Der Konter ließ auf sich warten. Er kam von SPD-Juso-Chef Türmer. Anlass war die Diskussion über die Aufweichung der Schuldenbremse, die die FDP - entgegen den Forderungen der anderen Ampel-Parteien - klar ablehnte, um künftigen Generationen keine Schulden zu hinterlassen. "Sie haben zuerst herzallerliebst über Ihre Jobunsicherheit gesprochen", meinte der Jungpolitiker angriffslustig, "viele Menschen in diesem Land, die deutlich weniger als 10.000 Brutto verdienen, haben im Moment die gleiche Jobunsicherheit." Das Publikum reagierte mit Lachen und Applaus.

In Niedersachsen seien Unternehmer von Insolvenz bedroht, weil sie im internationalen Wettbewerb nicht mithalten könnten. Wenn dann die "FDP aus ideologischer Verbohrtheit sagt, wir machen alles wie immer und das paradoxerweise mit meiner Generation erklärt, werde ich ein bisschen emotional", war offensichtlich seine Reizschwelle überschritten. Türmer sprach sich für Investitionen aus.
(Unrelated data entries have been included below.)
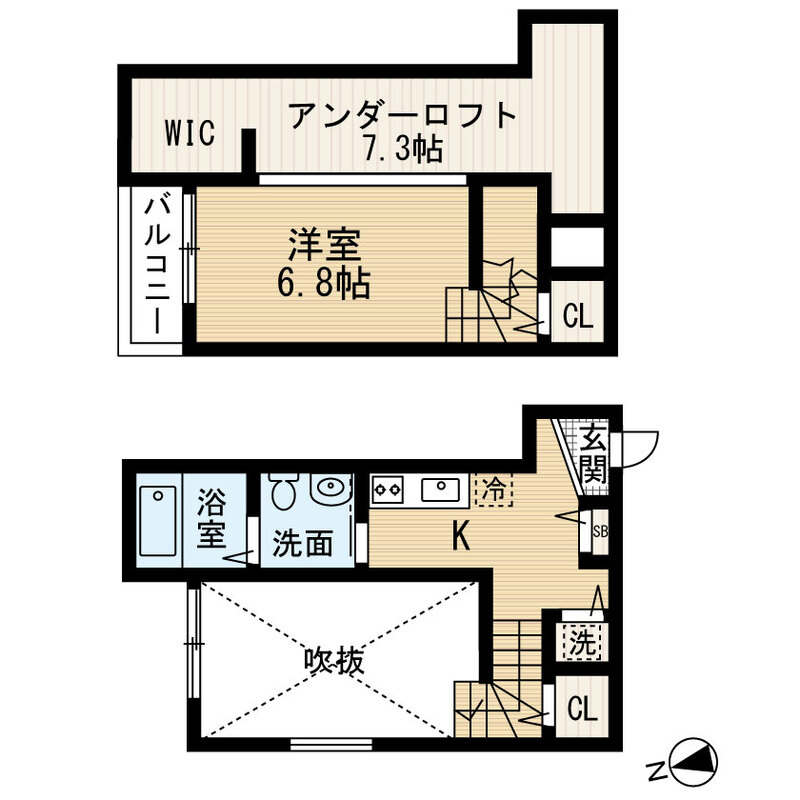 ライベックスレジデンスの間取り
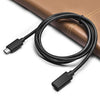 20cm USB2.0 USB-C ha till C ho förlängningskabel 2,4A 480Mbps 12W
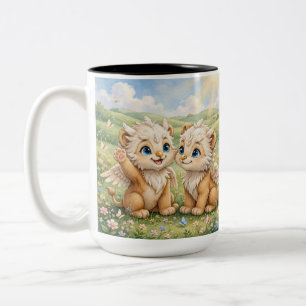 Baby Griffin Weide Mok – Zonnige Wilde Bloemen Fan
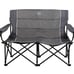 2 Person Folding Loveseat Comfortable Double Foldable Camping Chair Folding Lawn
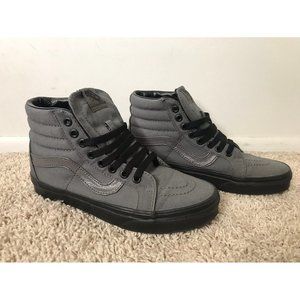 Grey and Black High Top VANS
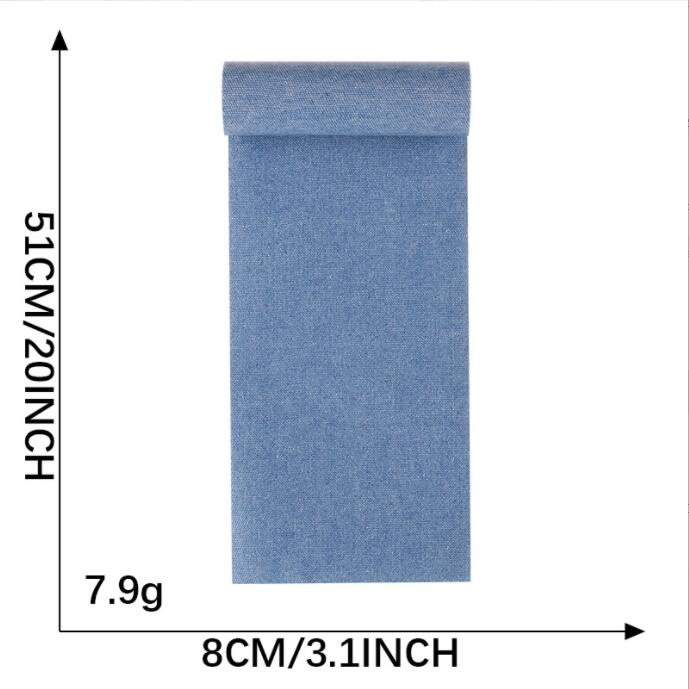 แผ่นแพทช์ผ้ายีน สีฟ้า ขนาด 51×8 ซม. สําหรับซ่อมแซมกางเกงยีน 1 ชิ้น ราคา ถูกที่สุด ดีลบีเคเค แกลเลอรีภาพที่ 6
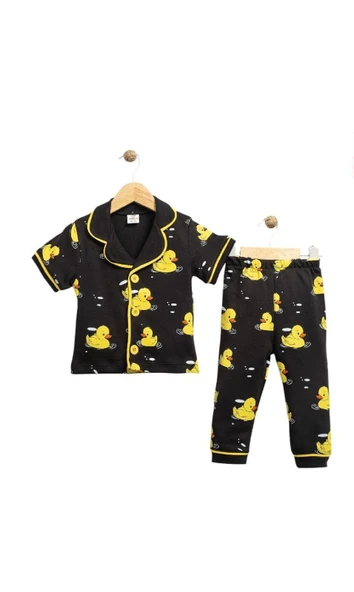 Ördek Baskılı Yazlık Pijama Takımı - 3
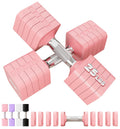 50 LB dumbbells Set 5 in 1 Adjustable Hand Weights Sets for Women Men Free Weights Dumbbell Sets Adjust Dumbbell Weight Set for 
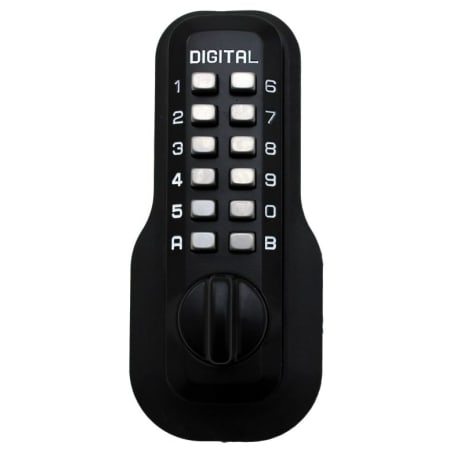 Lockey M Series Keyless Entry Single Combination Mechanical Deadbolt with EZ Plates Jet Black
Ihm gegenüber hätten Unternehmer in Niedersachsen nur über zu hohe Energiepreise, Lohnnebenkosten und Bürokratie geklagt, war Kuhle nicht aus der Fassung zu bringen. "Dann sollten wir uns mal vernetzen", schlug Türmer vor. Klamroth hatte eine noch bessere Idee: "Nach dieser Sendung haben wir Sommerpause. Wir drei fahren mit einem Kamerateam nach Niedersachsen und sprechen mit Unternehmern." Eine Einladung, die er später auch auf Güler ausdehnte: "Platz ist da."

Zum Schluss wurde es wieder ernster: Angesichts des Attentats von Mannheim hatte sich Bundeskanzler Scholz (SPD) für eine Abschiebung von Straftätern auch nach Syrien und Afghanistan ausgesprochen. "Es ist falsch, in Erwägung zu ziehen, mit der Taliban zusammenzuarbeiten", so Journalist Emran Feroz. Er erinnerte an die Genfer Konvention: "Das wäre ein absoluter Verrat an all diesen Werten, wenn man mit diesen Leuten an einem Tisch sitzt."
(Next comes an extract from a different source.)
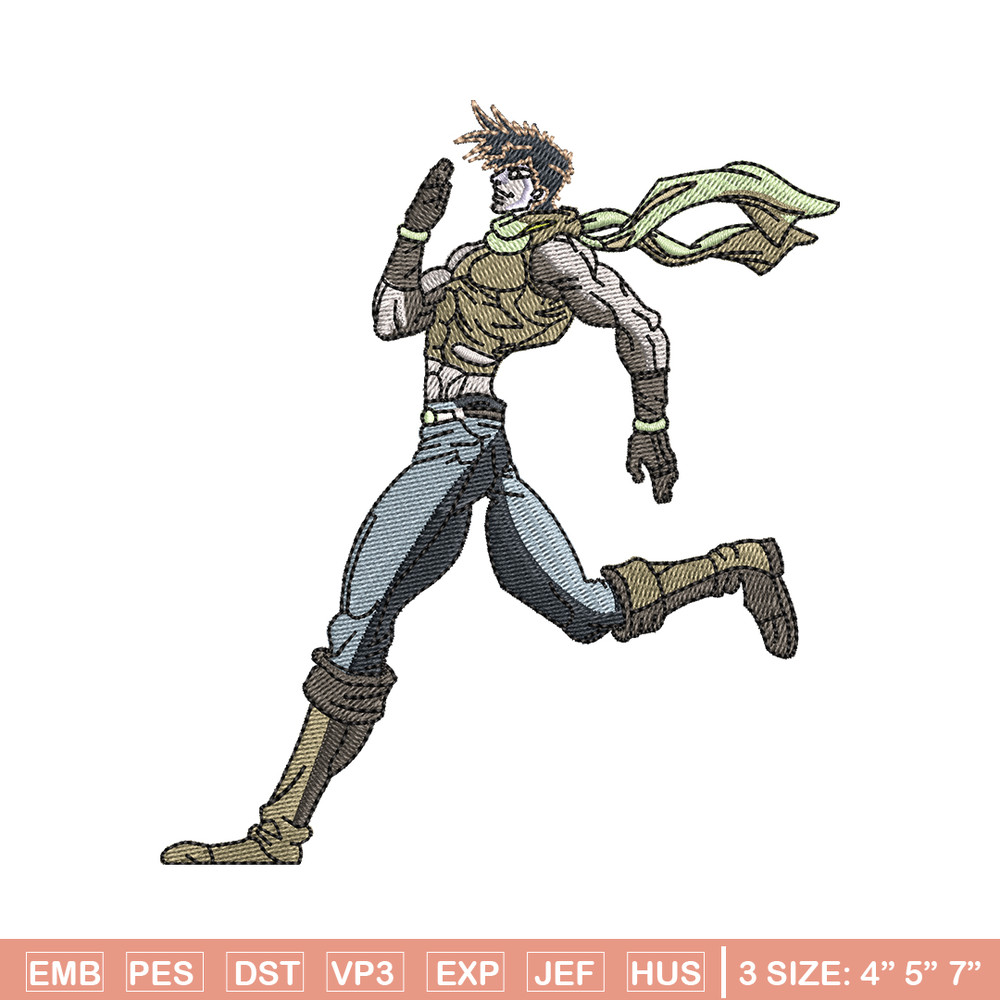 Joseph joestar embroidery design, Joseph joestar embroidery, logo design, Embroidery shirt, logo shirt, Instant download.jpg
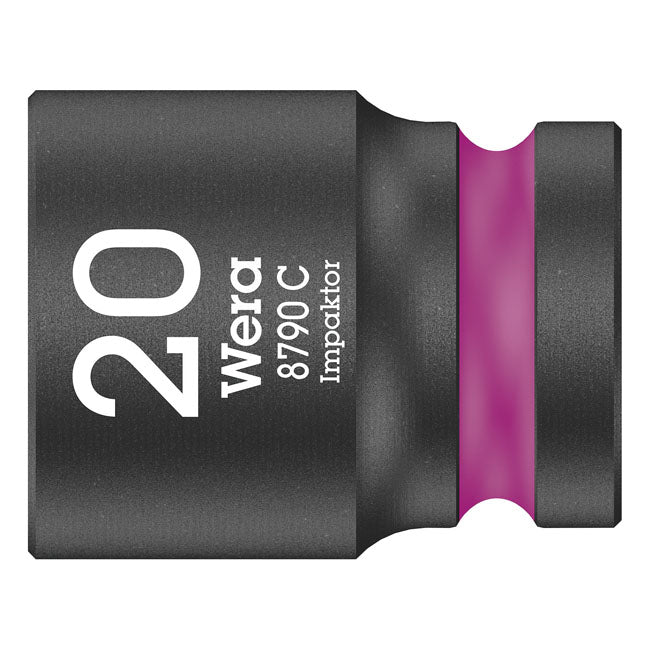 Wera Impaktor 1/2" Socket Size 20 – 1/2" Drive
"Die Genfer Flüchtlingskonvention lässt es zu, dass Schwersttäter abgeschoben werden", wünschte sich Kuhle hingegen Aussagen wie diese häufiger vom Bundeskanzler. Von vornherein zu sagen, das ginge nicht, würde Deutschland erpressbar machen. Dass "Gefährder und Straftäter ihr Schutzrecht verwirkt" hätten, sei auch die Ansicht der Grünen. Allerdings müsse geprüft werden, was rechtssicher und durchführbar sei, wollte Kaddor sich nicht weiter festlegen. Juso-Chef Türmer erklärte: Statt den Taliban Geld zu zahlen, solle man Polizeibehörden stärken, Social Media kontrollieren, sich mit Communitys enger austauschen. "Abschiebung führt am Ende zu Radikalisierung", warnte Türmer.
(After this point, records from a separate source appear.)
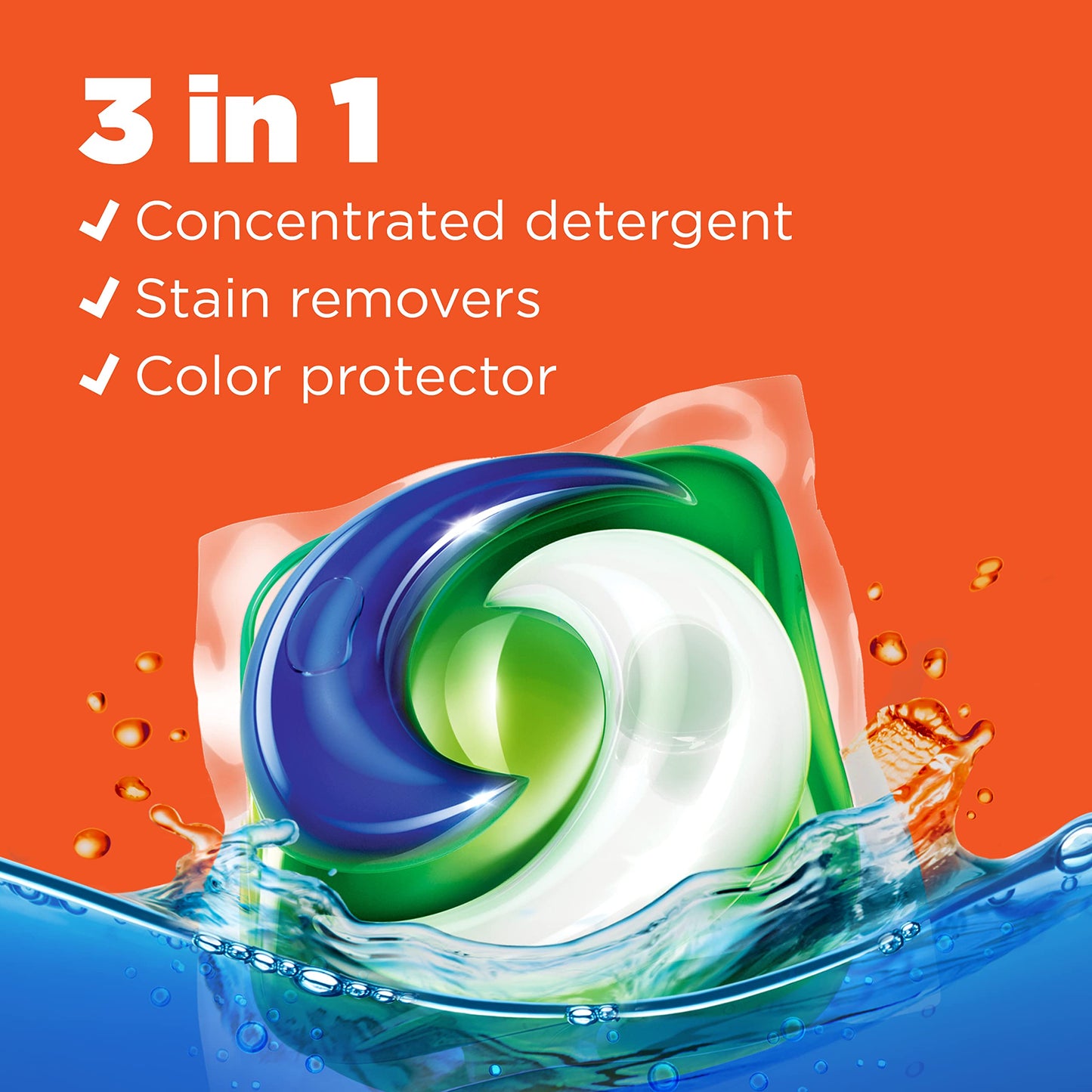 Tide PODS Laundry Detergent Pacs, Original Scent, Powerful 3-in-1 Clean in one Step, HE Compatible, 112 Count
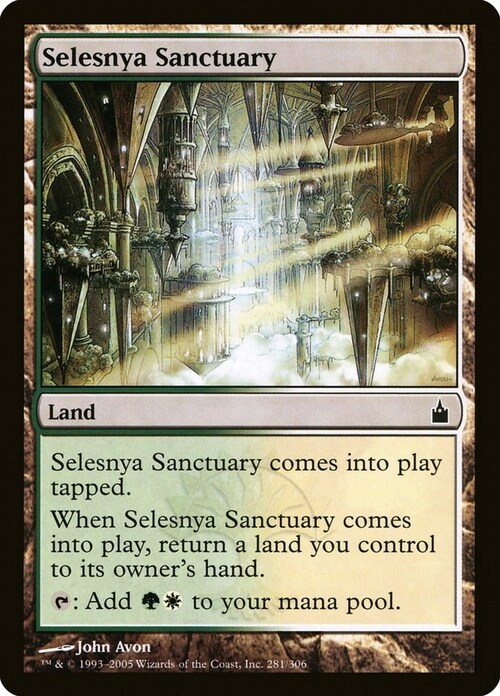 Selesnya Sanctuary Card Front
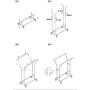 Wichai Shop Double Rail Garment Rack Commercial Rolling Hanger Clothing Grade Collapsible Cloth Heavy Duty Adjustable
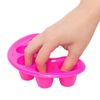 2 Pcs Nail Soaking Hand Bowl Manicure Soak Off Finger Bowl Separate Manicure Bowl Manicure Bowl Hand Soak Nail Soak Off Bowl Nail Art Tips Bowl for Polishing Remover Treatment (Rose Red and Black)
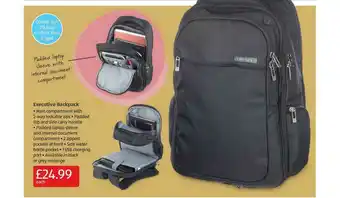 Aldi Executive Backpack offer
Juristin Juli Zeh erklärte, solche Einzelfälle würden nur das Signal senden, dass der Rechtsstaat dysfunktional wäre. "Deswegen warne ich davor, solche emotional aufgeladenen Fälle zur Plattform für eine Grundsatzdebatte zu machen", ergänzte sie. Klamroths Einwurf, dass Letztere der Bundeskanzler losgetreten hätte, wäre beinah im Applaus untergegangen. Zehs Kommentar war wieder deutlich zu hören: "War doof", meinte sie nur.